Ci sono sul tavolo migliaia di problemi che reclamano una soluzione, se non verranno presto affrontati e risolti porteranno l'intera umanità verso la catastrofe.

Hanno origine dal principio capitalistico secondo il quale solo il profitto e il potere contano e gli uomini e la natura sono ad essi subordinati.

Noi, la RAF, nel 1989 abbiamo iniziato a riflettere maggiormente e a discutere del fatto che, per noi e per tutti quelli che nella RFT hanno una storia nella resistenza, la situazione non può più continuare così. Siamo giunti alla conclusione che si tratta di trovare nuove direttive per una politica che possa realizzare cambiamenti reali per la vita degli uomini oggi e che tolga progressivamente ai potenti la capacità di determinare la realtà della vita.
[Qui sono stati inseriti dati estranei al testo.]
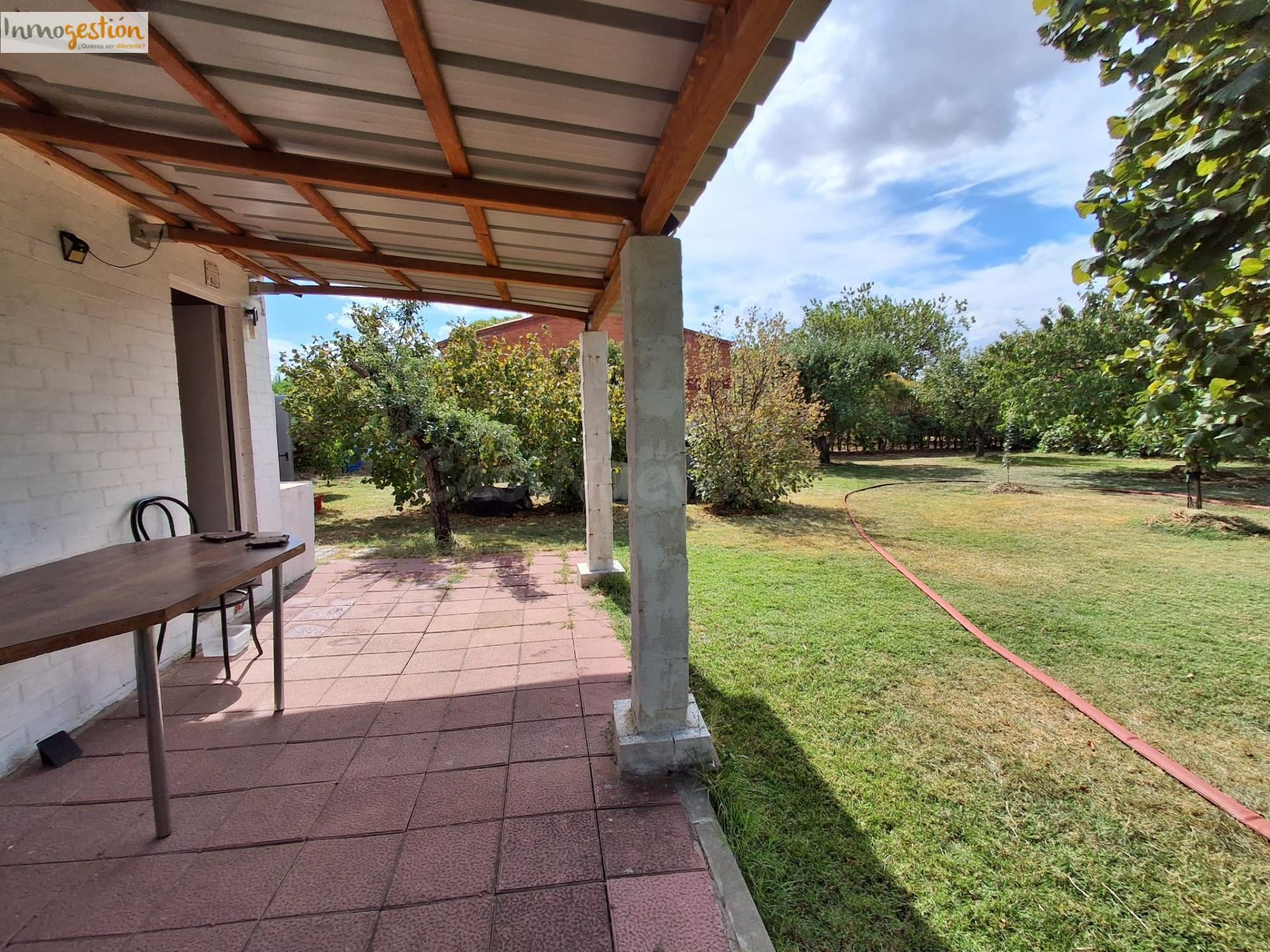 TERRENO CON CASETA EN VENTA EN TUDELA DE DUERO - foto 3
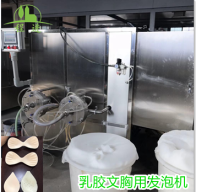 乳胶文胸生产线准备试运行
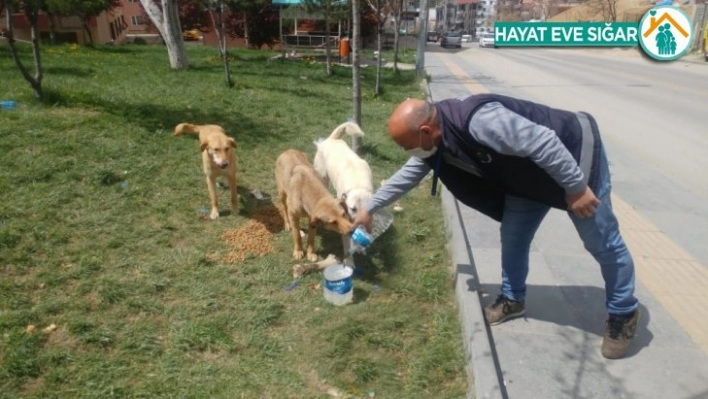 Dört günlük sokağa çıkma yasağında Mamak mesaisi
Per questo è necessario rivedere la propria e la comune storia di tutta la resistenza, di riflettere sui nostri errori, sulle esperienze importanti nostre o altrui e che significato queste potranno avere per il futuro.

Punto di partenza era:

1) Una situazione, in cui tutti ci trovavamo, completamente cambiata rispetto al rapporto di forza sul piano mondiale.
Il dissolvimento del sistema degli stati socialisti, la fine della guerra fredda.
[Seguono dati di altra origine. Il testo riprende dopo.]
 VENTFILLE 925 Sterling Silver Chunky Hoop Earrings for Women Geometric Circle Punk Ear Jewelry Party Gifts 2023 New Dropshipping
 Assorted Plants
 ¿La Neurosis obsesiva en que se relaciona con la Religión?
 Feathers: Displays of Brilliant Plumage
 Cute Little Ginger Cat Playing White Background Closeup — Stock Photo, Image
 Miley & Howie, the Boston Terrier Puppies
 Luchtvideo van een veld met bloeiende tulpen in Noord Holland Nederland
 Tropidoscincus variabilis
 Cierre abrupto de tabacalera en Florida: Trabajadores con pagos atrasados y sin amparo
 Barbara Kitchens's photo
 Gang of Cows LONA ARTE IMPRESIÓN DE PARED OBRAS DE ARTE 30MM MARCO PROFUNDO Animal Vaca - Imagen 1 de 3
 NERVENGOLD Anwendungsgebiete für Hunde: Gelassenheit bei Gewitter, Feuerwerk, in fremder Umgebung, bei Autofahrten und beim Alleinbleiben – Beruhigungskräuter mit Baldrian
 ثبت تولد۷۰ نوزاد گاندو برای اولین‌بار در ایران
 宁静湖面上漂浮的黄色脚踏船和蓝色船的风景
Dovevamo affrontare il fatto che l'idea di creare nella lotta comune internazionale uno sfondamento per la liberazione non si è realizzata. Le lotte di liberazione erano nel loro complesso troppo deboli per sopravvivere al dispiegamento su tutti i fronti della guerra imperialista.

La caduta degli stati dell'Est, che aveva la sua origine essenzialmente nelle contraddizioni interne irrisolte, ha conseguenze catastrofiche per milioni di persone in tutto il mondo e ha isolato tutti quelli che nel mondo combattono per la liberazione.

Ma questo ha dimostrato ancor più chiaramente e a tutti che necessariamente le lotte di liberazione possono sviluppare le condizioni autentiche e i loro obiettivi solo a partire dalla coscienza della propria specifica storia di popolo. E solo da questo può nascere una nuova forza internazionale.

Questo è l'apporto di molti compagni del Tricontinente che nei loro paesi hanno trovato e realizzato i primi passi verso una nuova politica - anche noi qui lo faremo. In questo gli siamo debitori.

2) Per quanto ci riguarda direttamente, dovevamo affrontare il fatto che il modo in cui avevamo fatto politica prima del 1989 non ci aveva resi più forti, bensì più deboli. Per diversi motivi non siamo più riusciti ad essere, per le persone qui, quel punto di riferimento che rende possibile l'agire comune.

Abbiamo considerato un errore fondamentale l'esserci avvicinati troppo poco ad altre persone che qui si erano ribellate; e a quelle che non si erano ancora ribellate per niente.

Abbiamo capito che dobbiamo rapportarci agli altri e che non possiamo più continuare a prendere da soli, come guerriglia, tutte le decisioni e far orientare gli altri a noi. E' vero che spesso ci siamo espressi diversamente, ma la realtà era questa.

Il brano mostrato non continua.